DRI is a core group member of the IRDR for the Global DRR Research Agenda 2020 supporting this project. The new agenda will guide risk science towards better meeting the issues we are all confronting globally in a rapid transforming risk landscape.
Please click here to take part in the short survey. Your views and opinions will help shape both the development and implementation of the new agenda.
The emerging global risk landscape of a pandemic, climate change, social and financial crises, inequalities and vulnerabilities, pose new challenges for DRR. The trend is for more severe and complex risks, with increasing concern about and acknowledgement of complex, cascading and systemic impacts. Rapid political, social and technological developments in addition to climate change are contributing to the shifting risk landscape, which will increasingly impact on the global business environment.
Recent business reports capture this shift in emphasis, including:
To address the escalating challenges from global risk, risk science and DRR needs to work collaboratively across sectors, including commercial enterprises whatever their size.
A crucial purpose of the new agenda is to ensure that future risk science is useful and usable by diverse stakeholders and communities.
This means conducting risk research with an awareness of the needs (both short- and long-term) of these groups, and ensuring that new information is in meaningful forms for potential users and is helping those users transition new science understanding towards its practical implications.

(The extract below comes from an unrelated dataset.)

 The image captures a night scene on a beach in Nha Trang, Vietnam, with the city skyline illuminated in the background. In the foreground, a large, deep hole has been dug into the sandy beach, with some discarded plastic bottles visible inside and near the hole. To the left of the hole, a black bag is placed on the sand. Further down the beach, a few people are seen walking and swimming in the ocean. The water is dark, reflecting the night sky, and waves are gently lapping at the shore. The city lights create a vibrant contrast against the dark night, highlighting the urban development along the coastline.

For these reasons, the new agenda currently includes the following research priority areas, as crosscutting themes to guide research on global risk over the next decade and beyond:
Theme 1 – Addressing today’s complex global risk landscape: How disaster risk reduction can accelerate the transition to a peaceful, safer, equitable, sustainable world within the context of DRR
How can research inspire better work to understand the complex interconnections of systemic, compound and cascading risks and impacts, and their connections with vulnerability and exposure?
Theme 2 – Addressing inequalities, injustices and marginalization
How can risk science and knowledge support the most marginalized people and communities to ensure that no one is left behind, as part of ensuring inclusive justice and equity across humanity?

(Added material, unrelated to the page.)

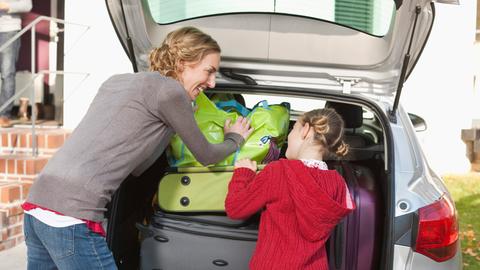Mutter und Kind packen Koffer in Auto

Theme 3 – Enabling transformative governance and action
Risk reduction, climate adaptation and the achievement of sustainable development goals are intrinsically linked – how can transdisciplinary science and knowledge transform access to and participation in governance structures and actions to reduce disaster risk?
Theme 4 – Driving progress through measurement
What do we need to measure and how can measurement be designed to incentivize improved risk knowledge and risk reduction?
Theme 5 – Understanding the implications of new thinking on hazards
How can we best identify and understand new forms and newly common extreme forms of hazards; as well as their intersection with vulnerabilities and other hazards?
Theme 6 – Harnessing technologies, data and knowledge for risk reduction
What factors impede and what support emerging technologies in achieving their promise of risk reduction – rather than risk creation and shifting; and how can the technologies be better used to support the SDGs and risk reduction?
Theme 7 – Fostering interdisciplinary and multi-stakeholder collaboration
Why is so much science knowledge unused? There are many areas where it is well applied which could provide starting points for learning and change.
Theme 8 – Supporting regional and national science and knowledge for policy and action.
What are the distinctive research priorities of different global regions? Regions have distinctive mixes of hazards, exposures and vulnerabilities, which are influenced by complex interdependencies, capacities and governance structures.